### SOURCE DATA

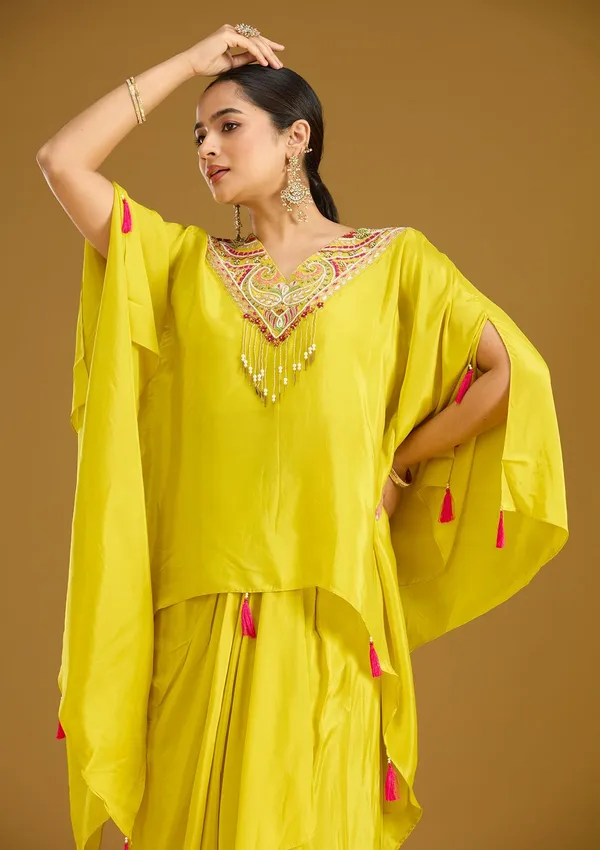 Yellow_Threadwork_Satin_Readymade_Salwar_Suit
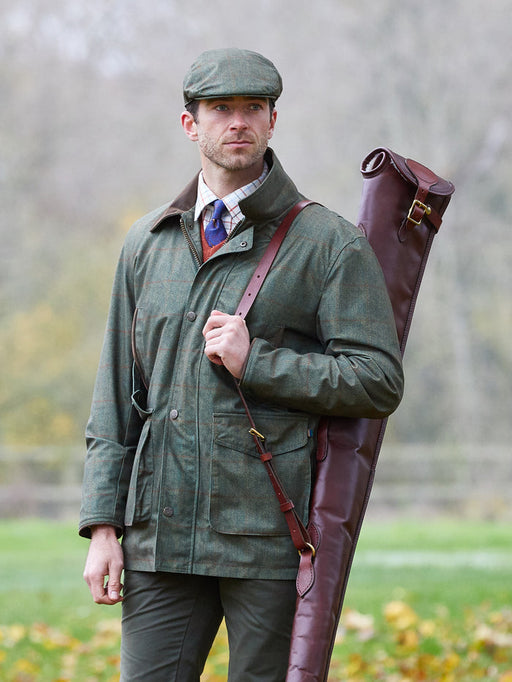 Alan & Paine Mens Didsmere Technical Tweed Coat Olive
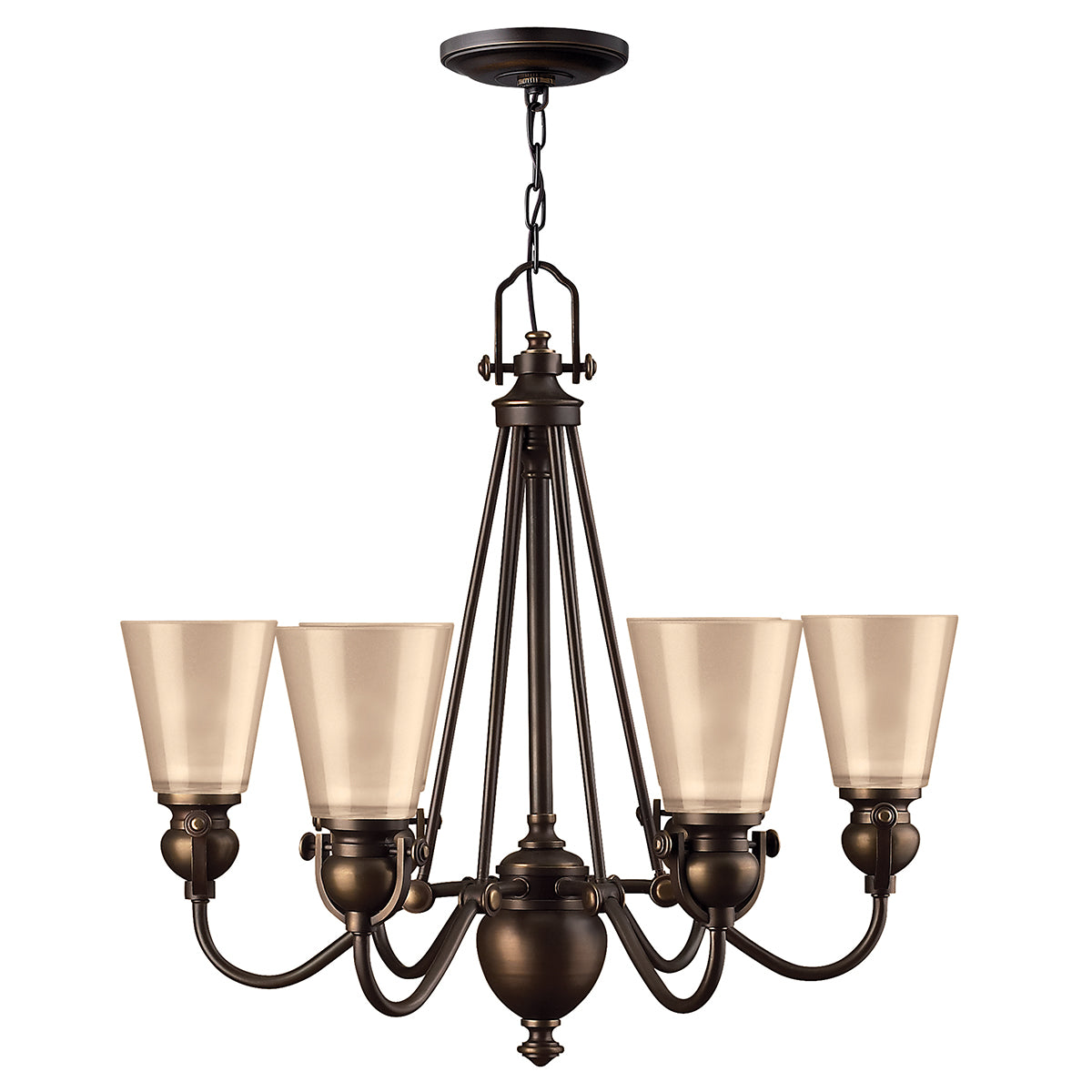 Hinkley Mayflower 6 Light Chandelier in Antique Brass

######

- WORK ORDER
Set out the material once more, exact in every line, with no images.

- EXERCISE OUTPUT
 Yellow_Threadwork_Satin_Readymade_Salwar_Suit
 Alan & Paine Mens Didsmere Technical Tweed Coat Olive
 Hinkley Mayflower 6 Light Chandelier in Antique Brass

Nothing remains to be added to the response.